(Supplied data Opens)

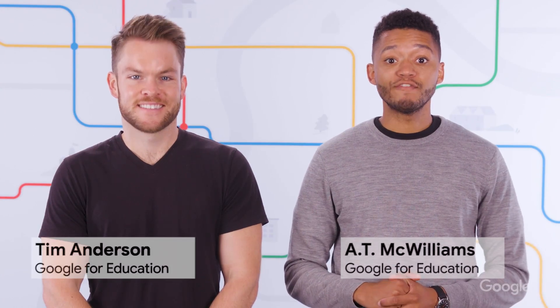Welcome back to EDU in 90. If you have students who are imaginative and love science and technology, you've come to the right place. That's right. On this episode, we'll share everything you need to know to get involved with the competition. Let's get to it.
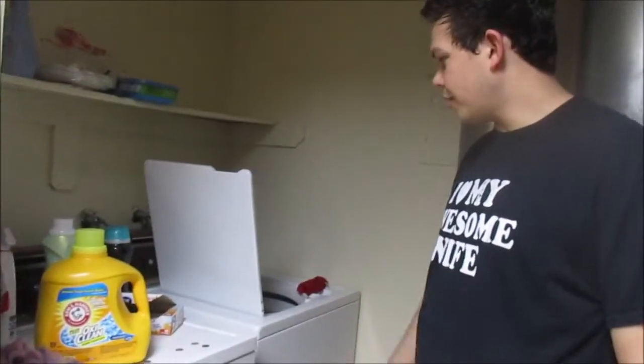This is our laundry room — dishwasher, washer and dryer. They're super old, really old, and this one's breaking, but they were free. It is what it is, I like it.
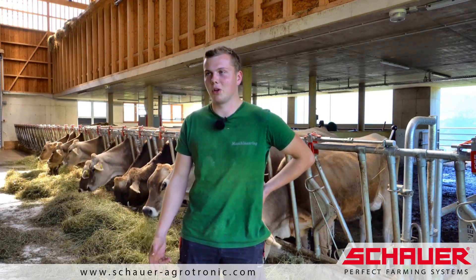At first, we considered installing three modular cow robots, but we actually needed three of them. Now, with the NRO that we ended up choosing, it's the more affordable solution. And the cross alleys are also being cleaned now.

(Supplied data Closes)
(Supplied data Opens)

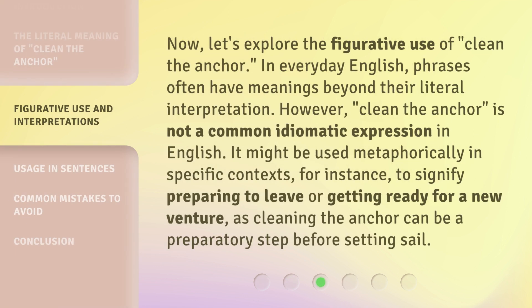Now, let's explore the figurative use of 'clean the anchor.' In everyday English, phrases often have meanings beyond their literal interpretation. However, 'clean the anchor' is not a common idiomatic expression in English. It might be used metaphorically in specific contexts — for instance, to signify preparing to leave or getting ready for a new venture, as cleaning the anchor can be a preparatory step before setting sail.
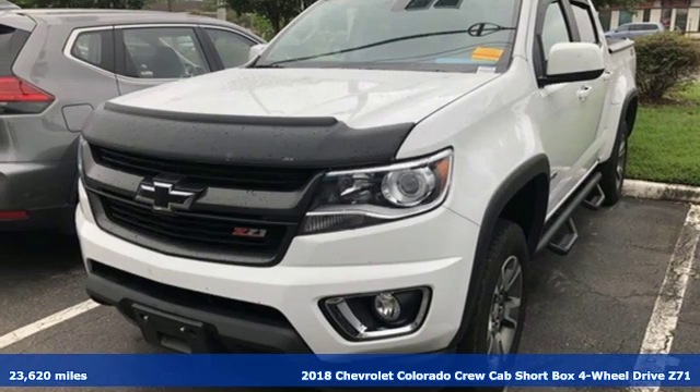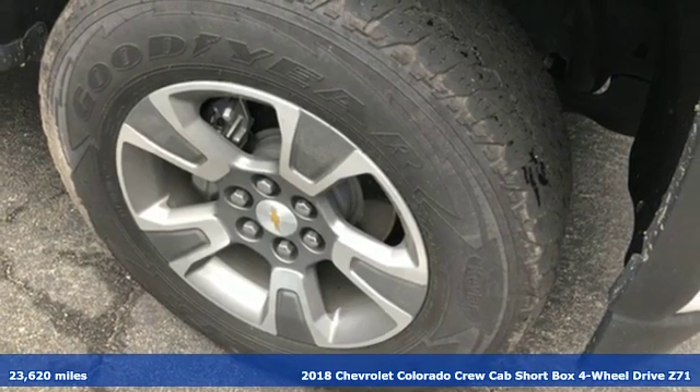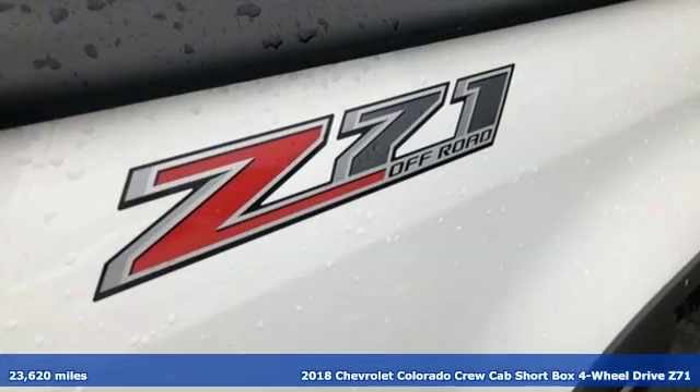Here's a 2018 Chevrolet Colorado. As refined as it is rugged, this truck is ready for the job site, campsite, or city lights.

(Supplied data Closes)

Take the material above from the line bearing "This is our" through the line bearing "At first, we" and write it out exactly, both end lines included. Pictures stay out.

Exercise solution
This is our laundry room — dishwasher, washer and dryer. They're super old, really old, and this one's breaking, but they were free. It is what it is, I like it.
At first, we considered installing three modular cow robots, but we actually needed three of them. Now, with the NRO that we ended up choosing, it's the more affordable solution. And the cross alleys are also being cleaned now.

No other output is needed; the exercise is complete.